Since there are no geniuses posting regularly on this forum I reckon it's reasonable to suggest what most experts see as best practice, not what's most comfortable for old bones.

I have cleats on my two hander, as I said before I have used them when I roll fags half way through a race LOL or take my splash top off between races. Those kinds of moment aren't what we're talking about though are they?

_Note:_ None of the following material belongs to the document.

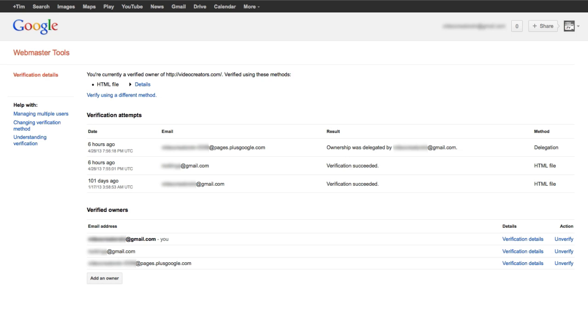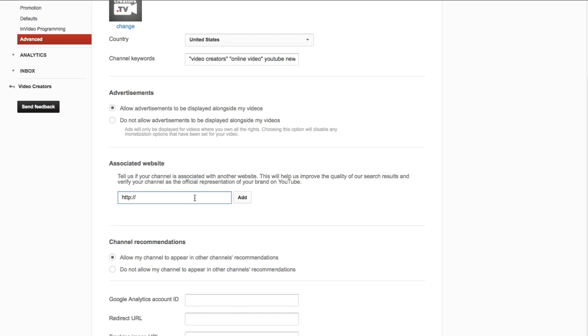Once you've added that long address as an owner of the domain in your webmaster tools, go back to your YouTube channel, back to your associated website, type in videocreators.com, click add, and success. Now when you add an annotation that links to your external website, it will work. Hopefully that helps some of you who were really frustrated with that bug like I was, and for the rest of you, hopefully it's helpful if you ever run into that problem.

My cleats were factory fitted, if they weren't I wouldn't fit them.

There is absolutely nothing wrong with cleating for comfort or convenience and I'm sincere about that but lets be honest about the reasons why we do it. 

For the vast majority of posters here using the cleat while sailing a Laser will hamper improvement of technique........if folk aren't interested in improving technique then that's absolutely fine.

My technique is shyte by the way but I still live in hope. 


Posted By: transient
Date Posted: 10 Jul 17 at 2:09pm
Originally posted by Daniel Holman

Note also old school vang, which I think he used throughout his career.
What a lad!


Careful Mr Holman, folk might start to advocate using them as well LOLLOL


Posted By: Wiclif
Date Posted: 10 Jul 17 at 6:34pm
To elaborate on my comments yesterday.

The "help" when gybing comes when the mainsheet stays where you have set it and not sliding out in a moment of panic, causing the inevitable death roll. And I did have a reputation, albeit many years ago now, for staying upright in the gybes.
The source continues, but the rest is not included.